福島原発事故12年 安全最優先、捨てるのか(中國新聞 2023年3月11日 07:00)
東日本大震災と、それに伴う東京電力福島第1原発事故の発生から12年になった。
古里への帰還が進められているものの、被災者の心の傷は癒えていない。にもかかわらず、そうした思いを忘れ去ったような動きが目に付き始めた。何より政府による原発回帰である。
これまでは、安全最優先を事故の教訓として掲げ、国民にも支持されてきた。それを捨て去ることは許されない。
原発政策の大転換は昨年8月に唐突に打ち出された。運転期間の60年超への延長や、次世代型原発への建て替えなど積極推進にかじを切った。国会はもちろん、国民的な議論を欠いたまま突っ走っている。
先月末には、60年を超す運転を可能にするため、五つの関連法改正案をまとめた束ね法案を閣議決定し、国会に提出した。ロシアのウクライナ侵攻によるエネルギー価格の高騰などを原発回帰の理由に挙げている。とはいえ、仮に運転延長や次世代型原発が進んでも電力値下げには直結せず、説得力は乏しい。
3月5日の本紙に載った全国世論調査では、60年超運転への支持は27%止まり。「支持しない」の71%を大きく下回った。
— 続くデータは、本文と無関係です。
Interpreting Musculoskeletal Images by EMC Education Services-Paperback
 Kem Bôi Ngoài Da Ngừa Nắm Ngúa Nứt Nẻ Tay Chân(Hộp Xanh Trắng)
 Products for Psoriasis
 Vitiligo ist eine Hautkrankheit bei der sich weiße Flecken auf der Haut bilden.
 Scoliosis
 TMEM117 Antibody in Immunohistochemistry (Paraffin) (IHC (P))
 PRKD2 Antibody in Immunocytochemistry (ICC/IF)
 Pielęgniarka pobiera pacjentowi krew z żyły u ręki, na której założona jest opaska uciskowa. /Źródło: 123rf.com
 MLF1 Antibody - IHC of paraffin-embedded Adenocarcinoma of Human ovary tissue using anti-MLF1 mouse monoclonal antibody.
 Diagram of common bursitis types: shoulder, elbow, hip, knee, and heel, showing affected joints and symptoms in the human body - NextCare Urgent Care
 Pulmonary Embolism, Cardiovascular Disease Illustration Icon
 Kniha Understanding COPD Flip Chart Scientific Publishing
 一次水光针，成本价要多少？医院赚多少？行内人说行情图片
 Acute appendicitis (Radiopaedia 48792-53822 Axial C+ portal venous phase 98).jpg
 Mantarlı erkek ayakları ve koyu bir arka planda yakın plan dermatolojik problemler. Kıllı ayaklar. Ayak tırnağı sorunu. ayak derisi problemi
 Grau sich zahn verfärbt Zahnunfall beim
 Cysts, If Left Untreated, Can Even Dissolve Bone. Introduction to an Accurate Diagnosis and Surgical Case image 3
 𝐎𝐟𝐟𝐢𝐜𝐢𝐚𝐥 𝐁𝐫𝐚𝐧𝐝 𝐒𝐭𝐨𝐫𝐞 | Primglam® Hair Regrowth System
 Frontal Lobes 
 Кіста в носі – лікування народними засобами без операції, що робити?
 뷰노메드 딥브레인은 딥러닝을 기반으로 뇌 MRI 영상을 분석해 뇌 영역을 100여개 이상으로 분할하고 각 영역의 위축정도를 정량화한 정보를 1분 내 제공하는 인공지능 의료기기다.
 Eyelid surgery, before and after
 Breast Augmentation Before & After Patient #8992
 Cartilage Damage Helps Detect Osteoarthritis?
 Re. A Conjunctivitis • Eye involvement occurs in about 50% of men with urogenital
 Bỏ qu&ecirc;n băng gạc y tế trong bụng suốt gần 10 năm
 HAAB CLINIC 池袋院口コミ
今後の原発利用に関しても、「今すぐゼロ」が3%、「段階的に減らし将来はゼロ」は55%で「脱原発」の声は依然、過半数を占めている。その理由で多いのは「福島第1原発事故のような事態を招く恐れ」の75%で、「戦争やテロで攻撃対象になるリスクが高い」の32%が続いた。ウクライナ侵攻に便乗して政府が危機感をあおっても、国民は冷静だといえよう。
事故の反省から生まれた原子力規制委員会も「安全」の番人という役割を放棄したかのようだ。福島の事故を防げなかった背景として、政府内の「推進と規制の癒着」が指摘された。このため、経済産業省をはじめ推進側から明確に分けられ、独立した組織として新設されたのが規制委だった。それをないがしろにしかねない最近の動きには危うささえ感じる。
例えば60年を超す運転を先月認めた。委員5人のうち1人は反対し、異例の多数決での決定だった。しかも賛成した委員からは「外から定められた締め切りを守らないといけないと、せかされて議論してきた」との認識が示された。これでは、政府の下請けに堕したかのようだ。独立性が脅かされている。
今、処理水の問題が大詰めを迎えている。海洋放出に対する地元の理解は進んでいないのに、政府は春か夏ごろに始める方針を崩していない。「関係者の理解なしには、いかなる処分もしない」。漁業者と交わした約束を忘れたのだろうか。
廃炉作業に必要なスペースを敷地内に確保するため早期放出が必要だと、政府は説明している。しかし、溶け落ちた核燃料(デブリ)をどう取り出すかさえ、めどの立たない現状では言い訳にしか聞こえない。
福島の事故で、広大な地域が放射能で汚染され、多くの住民が避難生活を強いられた。発生直後に出された原子力緊急事態宣言は、解除される見通しもない。まさに、国内の原子力災害では最悪だ。二度と起こさないため、薄れゆく記憶に抗しながら、事故の反省や教訓を生かし続けなければならない。